Tech review for Libmath accuracy Learning Path

jasonrandrews · jasonrandrews · commit 91cdb9bc3222 · 2025-06-25T14:45:05.000-05:00
diff --git a/content/learning-paths/servers-and-cloud-computing/multi-accuracy-libamath/_index.md b/content/learning-paths/servers-and-cloud-computing/multi-accuracy-libamath/_index.md
@@ -1,30 +1,31 @@
 ---
 title: Understanding Libamath's vector accuracy modes
 
+draft: true
+cascade:
+    draft: true
+
 minutes_to_complete: 20
 author: Joana Cruz
 
-who_is_this_for: This is an introductory topic for software developers who want to learn how to use the different accuracy modes present in Libamath, a component of ArmPL. This feature was introduced in ArmPL 25.04.
+who_is_this_for: This is an introductory topic for software developers who want to learn how to use the different accuracy modes present in Libamath, a component of Arm Performance Libraries. 
 
 learning_objectives: 
-    - understand how accuracy is defined in Libamath;
-    - pick an accuracy mode depending on your application.
-
-# [libamath](https://developer.arm.com/documentation/101004/2504/, (component of [ArmPL (Arm Performance Libraries)](https://developer.arm.com/documentation/101004/2504/General-information/Arm-Performance-Libraries?lang=en)). Since libamath only provides vector functions on Linux, we assume you are working in a Linux environment where ArmPL is installed (meaning you completed [ArmPL's installation guide](https://learn.arm.com/install-guides/armpl/).)

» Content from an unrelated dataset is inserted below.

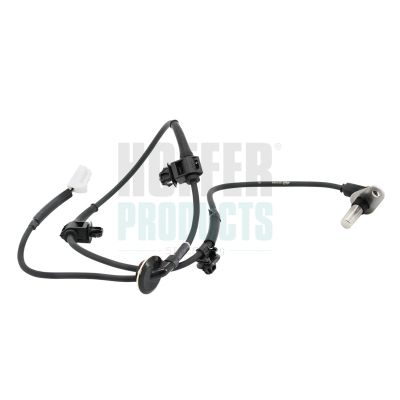 SENZOR TURATIE ROATA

+    - Understand how accuracy is defined in Libamath.
+    - Pick an appropriate accuracy mode for your application.
 
 prerequisites:
-    - An Arm computer running Linux
-    - Build and install [ArmPL](https://learn.arm.com/install-guides/armpl/)
+    - An Arm computer running Linux with [Arm Performance Libraries](https://learn.arm.com/install-guides/armpl/) version 25.04 or newer installed. 
 
 ### Tags
 skilllevels: Introductory
 subjects: Performance and Architecture
 armips:
     - Neoverse
 tools_software_languages:
-- ArmPL
+- Arm Performance Libraries
 - GCC
-- Libamath
+- Libmath
 operatingsystems:
     - Linux
 
diff --git a/content/learning-paths/servers-and-cloud-computing/multi-accuracy-libamath/examples.md b/content/learning-paths/servers-and-cloud-computing/multi-accuracy-libamath/examples.md
@@ -1,14 +1,18 @@
 ---
-title: Examples
+title: Arm Performance Libraries example
 weight: 6
 
 ### FIXED, DO NOT MODIFY
 layout: learningpathall
 ---
 
-# Example
+# Arm Performance Libraries example
 
-Here is an example invoking all accuracy modes of the Neon single precision exp function (where `ulp_error.h` is the implementation of ULP error explained in [this section](/learning-paths/servers-and-cloud-computing/multi-accuracy-libamath/ulp-error/)):
+Here is an example invoking all accuracy modes of the Neon single precision exp function. The file `ulp_error.h` is from the previous section. 
+
+Make sure you have [Arm Performance Libraries](https://learn.arm.com/install-guides/armpl/) installed. 
+
+Use a text editor save the code below in a file named `example.c`.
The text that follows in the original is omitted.